Of course whenever we arrived the first thing to do was eat. We had food heaped upon us! Sema’s uncle and cousin from Germany were visiting, and her cousin spoke exceptional English. Between her and Sema, we were able to talk to Sema’s parents and the few people that had gathered early for the wedding. After finishing our tea, Sema and her cousin led us on a little walk of the valley, which was spectacularly beautiful and peaceful.

Jack gets into the spirit of things
When we got back to the house, it was time for dancing and firing guns. Yes, firing guns. Before I knew it, everyone had a handgun out. They were waving them wildly in the air and indiscriminately shooting here and there. You can’t even imagine how nervous this made me. I thought only Berbers and Saddam Hussein just wildly fired guns into the air, but apparently it’s also quite common in village weddings in Turkey. At one point one of the guns jammed, so the guy was trying to fix it all the while POINTING IT DIRECTLY AT ME. I don’t know anything about guns but what if it unjammed? How humiliating of a death would that have been?

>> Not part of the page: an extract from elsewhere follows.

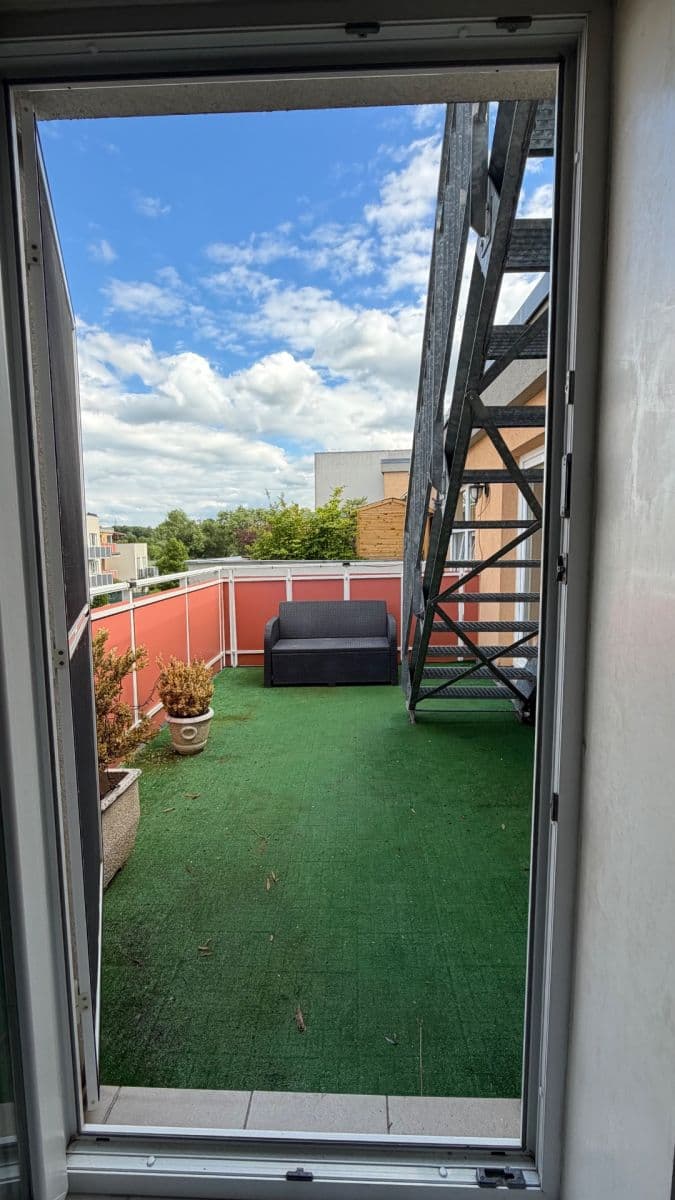 Prenájom bytu 3-izbový 80 m², V Osikách, Praha, Praha Prenájom bytu 3-izbový 80 m², V Osikách, Praha, Praha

Apparently a lover of weapons, Jack decided to shoot a few rounds. I politely declined both for my own safety and the safety of others. After the live weapons fire, the men started to dance at the house with the groom. Eat, shoot guns and dance a jig…if there had been moonshine involved I could have sworn I was in east Tennessee.

Horon dancing
Eventually we were herded back into the living room for coffee, which was absolutely delicious (the best I’ve had in Turkey). Then the ladies arrived. They were all dressed in their Sunday (or Friday) finest and full of smiles and giggles for the foreigners. After a bit of awkward translated conversation, we all moved up the hill to a prepared space where the real dancing began. There was a drummer and a kemenche player (like a fiddle) who got everyone whipped into a frenzy. Soon people were doing the horon dance, which is the local dance in the Black Sea region. You shake your upper body really fast and you fling your feet around whilst moving in a circle and holding hands with the other people. It’s a hell of a lot harder than I thought it would be.

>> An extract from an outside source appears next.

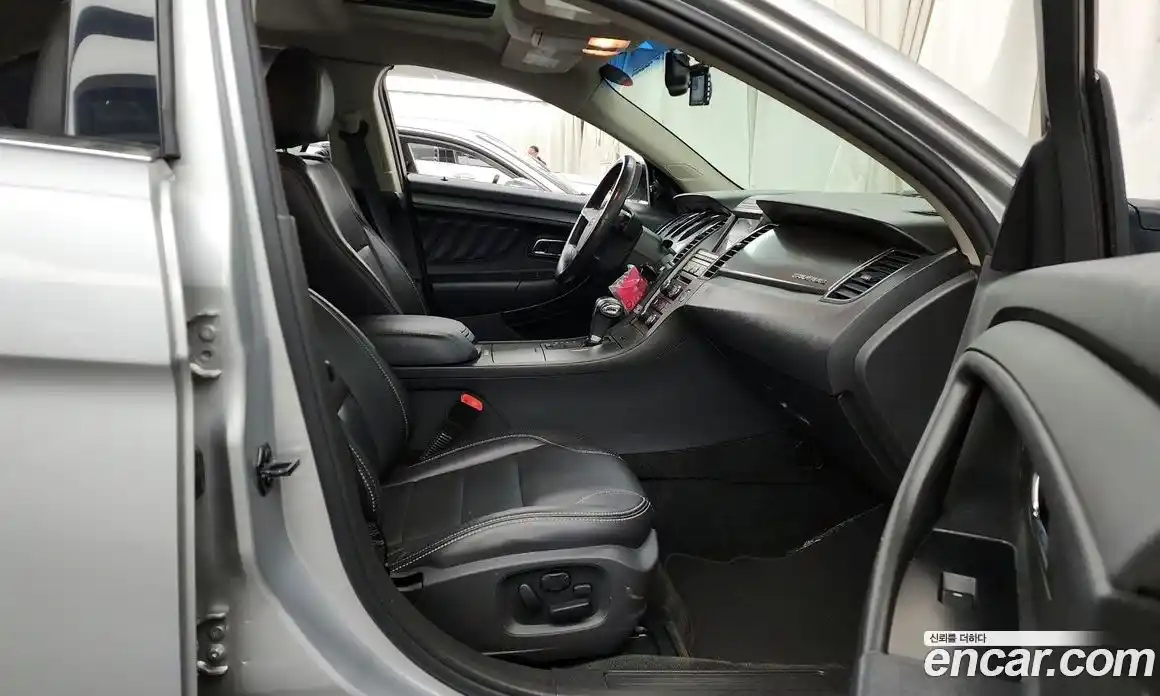 Ford Taurus 2011 3.5 Автомат в Москве № 473564, фото 11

When we finally departed, people were very kind and gracious in telling us goodbye. In fact, compared to the cold shoulder you get in Gümüşhane being in the village was like being family. Our student was so happy and excited that we came, and I was, too. It was easily one of the more amazing things I’ve done here!

=-=

Back in the city, we had the graduation ceremony for our summer school. The kids all got dressed up, and they all clean up very nicely! I felt like some kind of homeless guy in my polo shirt and khakis, fresh from the dirt of the village. Dinner was in the cafeteria, although it was slightly better than it usually is. I had to sit at the high table, which was asinine. There’s nothing more fun than sitting with a bunch of grumpy businessmen and the pompous governor!

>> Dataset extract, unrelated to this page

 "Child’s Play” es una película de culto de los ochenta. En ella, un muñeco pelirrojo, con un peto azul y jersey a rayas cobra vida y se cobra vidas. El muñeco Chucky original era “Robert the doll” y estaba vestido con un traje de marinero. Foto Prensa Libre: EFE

Upstairs the kids had put together a little slideshow of pictures from throughout the summer, including one of me with my mouth hanging open and another of me sleeping on the bus. Jack and I had to give a speech, which was a little awkward, and he had to play a song. Then with all due pomp and circumstance certificates were distributed to sponsors of the school, including the owner of the local gold mine, and then the top five students from each class were given their certificates. The ranking worked out pretty well with the hardest working students being duly awarded.

We moved outside to distribute the rest of the certificates and then the dancing began again. And picture taking. And writing special little notes to practically each and every student inside their certificate folder. Saying goodbye to the students was a lot more difficult than I thought it would be. Even though a lot of them drove me mad, even the bad ones grew on me!